By Gordon Jones, a founder of Trustee of [John Adams] College; originally published in the Deseret News

“Are you accredited?”

When my colleagues and I opened [John Adams] College seven years ago, this was the first question we were asked. If we had $1,000 for every time we have been asked it since, our endowment would rival Harvard’s.

And yet, it is a question that wasn’t very relevant then, and one that has become even less relevant since, as I hope to explain in this article.

The answer to the question then, and now, is “No, we are not. Nor will we ever be.”

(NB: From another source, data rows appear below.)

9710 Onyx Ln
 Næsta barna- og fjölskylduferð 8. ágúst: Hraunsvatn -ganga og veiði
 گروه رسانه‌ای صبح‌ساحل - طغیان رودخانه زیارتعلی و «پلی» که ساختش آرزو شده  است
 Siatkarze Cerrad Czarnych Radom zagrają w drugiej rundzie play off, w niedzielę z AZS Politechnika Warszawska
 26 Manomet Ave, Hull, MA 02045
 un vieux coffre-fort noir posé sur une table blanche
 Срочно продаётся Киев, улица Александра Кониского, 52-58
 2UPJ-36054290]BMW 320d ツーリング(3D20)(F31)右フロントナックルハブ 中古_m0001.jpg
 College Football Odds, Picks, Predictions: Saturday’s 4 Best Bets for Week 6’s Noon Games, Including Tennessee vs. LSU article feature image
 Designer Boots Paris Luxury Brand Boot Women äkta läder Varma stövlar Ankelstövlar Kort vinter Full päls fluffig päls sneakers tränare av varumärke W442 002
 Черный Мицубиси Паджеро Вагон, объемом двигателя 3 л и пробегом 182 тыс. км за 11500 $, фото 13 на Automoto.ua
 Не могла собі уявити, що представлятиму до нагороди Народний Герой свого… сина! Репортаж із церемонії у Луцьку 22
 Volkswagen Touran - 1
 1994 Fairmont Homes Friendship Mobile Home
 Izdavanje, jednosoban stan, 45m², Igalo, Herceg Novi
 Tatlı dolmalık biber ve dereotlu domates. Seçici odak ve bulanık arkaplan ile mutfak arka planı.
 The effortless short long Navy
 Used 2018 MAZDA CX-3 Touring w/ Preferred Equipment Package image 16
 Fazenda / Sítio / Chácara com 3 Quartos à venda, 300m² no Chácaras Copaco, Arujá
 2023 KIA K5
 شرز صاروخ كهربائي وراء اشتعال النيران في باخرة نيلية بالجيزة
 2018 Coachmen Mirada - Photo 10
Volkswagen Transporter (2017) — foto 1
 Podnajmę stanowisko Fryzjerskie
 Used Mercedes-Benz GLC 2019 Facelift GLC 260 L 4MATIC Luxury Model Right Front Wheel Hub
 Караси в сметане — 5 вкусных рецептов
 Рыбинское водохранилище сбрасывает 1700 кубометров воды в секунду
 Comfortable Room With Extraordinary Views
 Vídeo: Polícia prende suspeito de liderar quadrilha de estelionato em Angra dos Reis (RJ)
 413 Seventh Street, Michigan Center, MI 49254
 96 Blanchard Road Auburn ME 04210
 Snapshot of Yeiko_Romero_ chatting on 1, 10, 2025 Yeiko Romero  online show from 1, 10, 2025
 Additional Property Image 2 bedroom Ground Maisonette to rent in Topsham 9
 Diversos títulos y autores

[John Adams] is licensed by the state of Utah to issue academic degrees, but the state is only concerned that we are offering our students what they pay us to deliver: a Great Books-oriented curriculum imparted through courses conducted primarily on the basis of the Socratic method — reading and dialogue. The content of those courses and the delivery system we use is a matter of concern only to us and to our students.

Nevertheless, the question is understandable, and we have been at some pains to explain to concerned parents and applicants our negative answer, citing both the academic literature on the subject and the drumbeat of headlines about pressure from accrediting institutions on ostensibly autonomous institutions of higher learning. This combination has produced political and educational calls for reform of the accreditation system. The culmination (to date) of the political aspect is the Trump administration’s threat to the Department of Education, the political entity that governs and enforces the accreditation regime.

Behind that No. 1 question has always been another: “What if I (or my child) graduate from [John Adams]? What will I do then?”